BindingDB

Content
- Description: Chemical database
- Data types captured: Molecules with drug-like properties and biological activity

Contact
- Authors: Michael Gilson, Team Leader
- Primary citation: PMID 17145705
- Release date: 1995

Access
- Website: BindingDB
- Download URL: Downloads

Miscellaneous
- License: The BindingDB data is made available on a Creative Commons Attribution-ShareAlike 3.0 Unported License

= BindingDB =

BindingDB

 is a public, web-accessible database of measured binding affinities, focusing chiefly on the interactions of proteins considered to be candidate drug-targets with ligands that are small, drug-like molecules. As of March, 2011, BindingDB contains about 650,000 binding data, for 5,700 protein targets and 280,000 small molecules. BindingDB also includes a small collection of host–guest binding data of interest to chemists studying supramolecular systems.

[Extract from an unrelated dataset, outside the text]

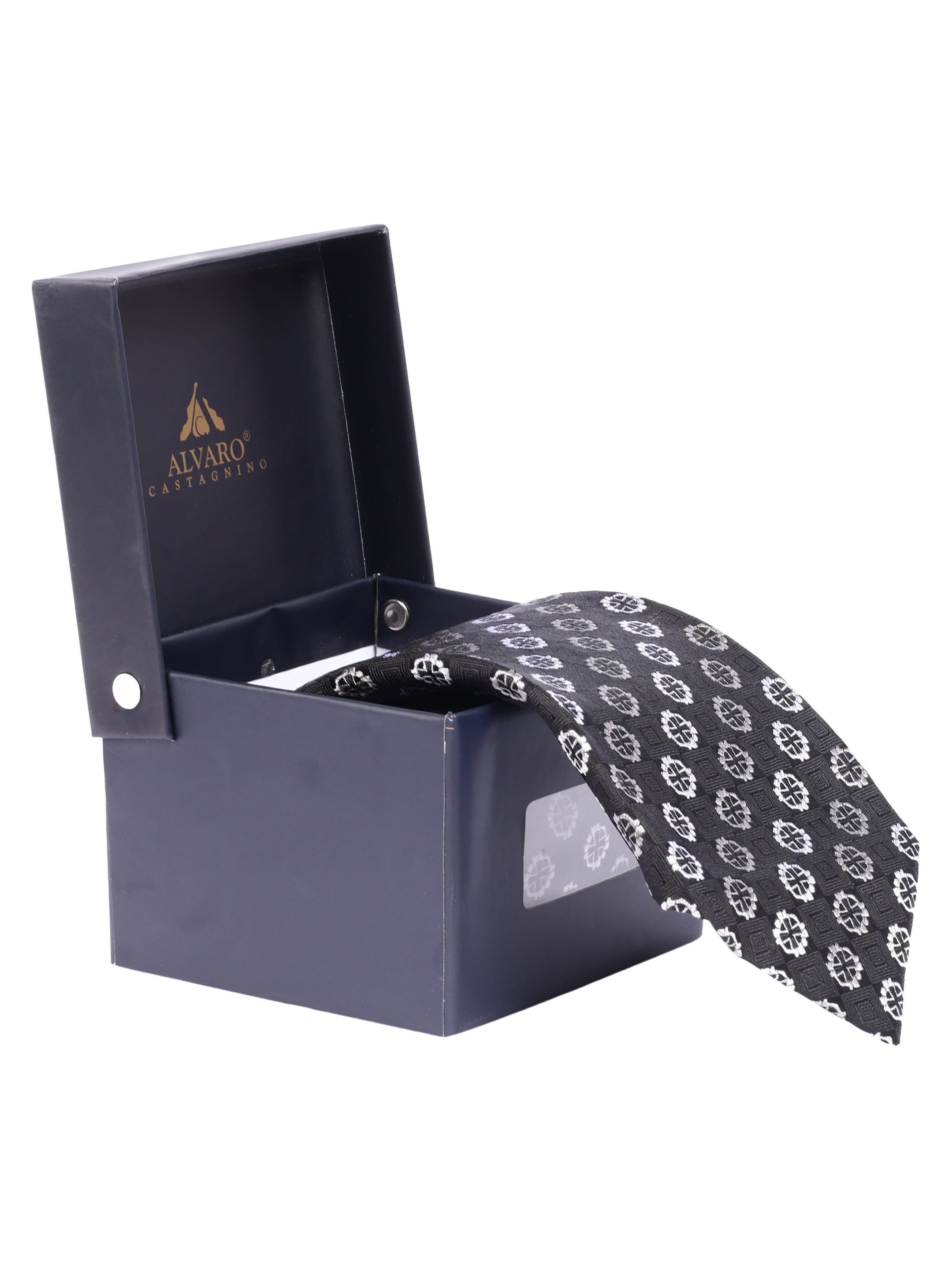 Alvaro Castagnino Men's luxury italian style Silk Broad Tie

The purpose of BindingDB is to support medicinal chemistry and drug discovery via literature awareness and development of structure-activity relations (SAR and QSAR); validation of computational chemistry and molecular modelling approaches such as docking, scoring and free energy methods; chemical biology and chemical genomics; and basic studies of the physical chemistry of molecular recognition.

The data collection derives from a variety of measurement techniques, including enzyme inhibition and kinetics, isothermal titration calorimetry, NMR, and radioligand and competition assays. BindingDB includes data extracted from the scientific literature by the BindingDB project, selected PubChem confirmatory BioAssays, and ChEMBL entries for which a well-defined protein target ("TARGET_TYPE='PROTEIN'") is provided.

==History and funding==

The BindingDB project was conceived in the mid-1990s, based upon recognition of the broad value of quantitative affinity data and the inadequacy of journal articles as a means of making these data accessible. A NIST-sponsored workshop in September 1997 validated the concept, and funding from the NSF and NIST enabled initial development of the database with a collection of data for systems of many types, including protein-ligand, protein-protein, and host–guest binding. However, hopes that the database would be populated primarily through depositions by experimentalists were not borne out, and it became clear that the project would have to take responsibility for extracting data from the literature. Given the vastness of the molecular recognition literature and limitations in available resources, this meant that creating a useful database would require limiting attention to a well-defined set of high-value binding data.

The decision was taken to focus on binding data for small molecules with proteins that are drug-targets, or potential drug-targets, and for which the three-dimensional structure is available in the PDB or can potentially be modeled to high accuracy based upon the structure of a similar protein. This choice would aid drug-discovery for the selected targets, as well as the development of both ligand-based and structure-based methods of computational ligand-design. This is the current focus of BindingDB, which is led by Michael Gilson, based at UC San Diego's Skaggs School of Pharmacy and Pharmaceutical Sciences, and supported by a grant from the NIH.

==Capabilities==

BindingDB's web-interface provides a range of browsing, query and data download tools. These include browsing by the name of a protein Target or by journal citation, query by chemical similarity and substructure, and downloads by target or query result.